Os alertas do IPCC são no sentido de que o aumento médio da temperatura planetária acima de 2 graus até o final do século 21 trará resultados ainda inimagináveis. Esta foi a motivação para que fosse finalmente aprovado o Acordo de Paris, na Conferência do Clima (COP-21) do final de 2015 na capital francesa então ainda sob os impactos dos atos terroristas. Agora o Acordo de Paris recebeu um número recorde de assinaturas (174 países mais a União Europeia) na última sexta-feira, na sede da ONU, em Nova York.
Ainda que o Acordo de Paris não seja o ideal, o sentido de urgência é verificado porque os efeitos das mudanças climáticas, e portanto da concentração de carbono na atmosfera, são cada vez mais evidentes e estão se acumulando.

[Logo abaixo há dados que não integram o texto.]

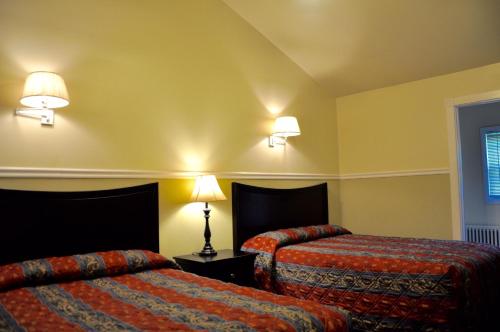 菲什基尔乡村汽车旅馆的酒店客房设有两张床和两盏灯。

De acordo com o Centro Nacional de Dados sobre Neve e Gelo dos Estados Unidos, o valor da extensão máxima da camada de gelo marinho no Ártico (Polo Norte), documentado em março de 2016, foi o mais baixo da história pelo segundo ano consecutivo. Na semana de 11 de março, aconteceu uma fusão da camada de gelo da Groenlândia, também por causa do inverno mais quente que o usual, conforme o Instituto Meteorológico da Dinamarca.
Também no início de 2016, segundo a Organização Meteorológica Mundial (OMM), houve um “branqueamento” recorde dos recifes de coral na Grande Barreira da Austrália, causado pela maior temperatura do Oceano Pacífico. E a seca segue, por outro lado, devastadora e com cortes de energia elétrica em grande parte da África e muitas regiões da América do Sul, e particularmente nos nossos vizinhos Argentina, Uruguai e Paraguai. O calor enorme de abril na Região Sudeste do Brasil também pode ser efeito dessas mudanças que estão acontecendo em um ritmo cada vez maior e ameaçador.
Tudo isso levou a que o conjunto da comunidade internacional estivesse em peso na sede da ONU no Dia da Mãe Terra, como é celebrado o dia 22 de abril há alguns anos. Mas a maior parcela da imprensa brasileira esteve mais preocupada com o que a presidente Dilma iria falar ou não sobre o processo de impeachment. No final, ao contrário do que essa imprensa tinha afirmado, a presidente não falou as palavras “impeachment” ou “golpe”, limitando-se a citar o “grave momento” que o Brasil atravessa – discurso que inclusive frustrou muitos que são contrários ao processo de impeachment liderado pelo presidente da Câmara, Eduardo Cunha, réu em vários processos. Sim, a questão do Acordo e Paris foi de algum modo abordada, sem o destaque necessário, mas é por essas e outras que parte dessa imprensa vem perdendo credibilidade, ao mesmo tempo em que avança a força das redes sociais e de outros canais alternativos de comunicação e informação.